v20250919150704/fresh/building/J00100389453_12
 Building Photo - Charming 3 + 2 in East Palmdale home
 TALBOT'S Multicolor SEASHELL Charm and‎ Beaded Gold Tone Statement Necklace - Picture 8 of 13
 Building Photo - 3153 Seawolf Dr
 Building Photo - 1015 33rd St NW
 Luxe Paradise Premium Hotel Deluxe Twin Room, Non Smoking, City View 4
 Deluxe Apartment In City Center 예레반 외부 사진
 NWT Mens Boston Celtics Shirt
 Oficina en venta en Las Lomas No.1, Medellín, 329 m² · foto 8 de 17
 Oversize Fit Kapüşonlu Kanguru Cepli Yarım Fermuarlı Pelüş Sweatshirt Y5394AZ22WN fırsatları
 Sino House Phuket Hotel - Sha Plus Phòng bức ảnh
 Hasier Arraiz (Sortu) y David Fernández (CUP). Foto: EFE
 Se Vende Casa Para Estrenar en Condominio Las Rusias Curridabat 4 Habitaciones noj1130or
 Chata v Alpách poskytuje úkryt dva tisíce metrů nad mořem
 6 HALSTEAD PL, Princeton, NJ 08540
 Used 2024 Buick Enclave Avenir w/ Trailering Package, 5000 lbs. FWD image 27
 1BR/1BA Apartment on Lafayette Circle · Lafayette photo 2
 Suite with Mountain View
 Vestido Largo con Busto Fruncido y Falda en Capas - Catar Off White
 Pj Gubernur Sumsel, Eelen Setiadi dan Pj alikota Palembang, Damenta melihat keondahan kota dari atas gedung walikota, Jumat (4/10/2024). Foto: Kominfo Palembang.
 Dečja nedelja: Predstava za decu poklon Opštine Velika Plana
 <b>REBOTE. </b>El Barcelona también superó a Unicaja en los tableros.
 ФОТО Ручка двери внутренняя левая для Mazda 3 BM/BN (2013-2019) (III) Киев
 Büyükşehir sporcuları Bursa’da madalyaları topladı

*Exercise description*: Repeat the entries above verbatim, but only from the line that has "Oficina en venta" down to the line that has "Chata v Alpách poskytuje", inclusive.

*Response to this task*:
 Oficina en venta en Las Lomas No.1, Medellín, 329 m² · foto 8 de 17
 Oversize Fit Kapüşonlu Kanguru Cepli Yarım Fermuarlı Pelüş Sweatshirt Y5394AZ22WN fırsatları
 Sino House Phuket Hotel - Sha Plus Phòng bức ảnh
 Hasier Arraiz (Sortu) y David Fernández (CUP). Foto: EFE
 Se Vende Casa Para Estrenar en Condominio Las Rusias Curridabat 4 Habitaciones noj1130or
 Chata v Alpách poskytuje úkryt dva tisíce metrů nad mořem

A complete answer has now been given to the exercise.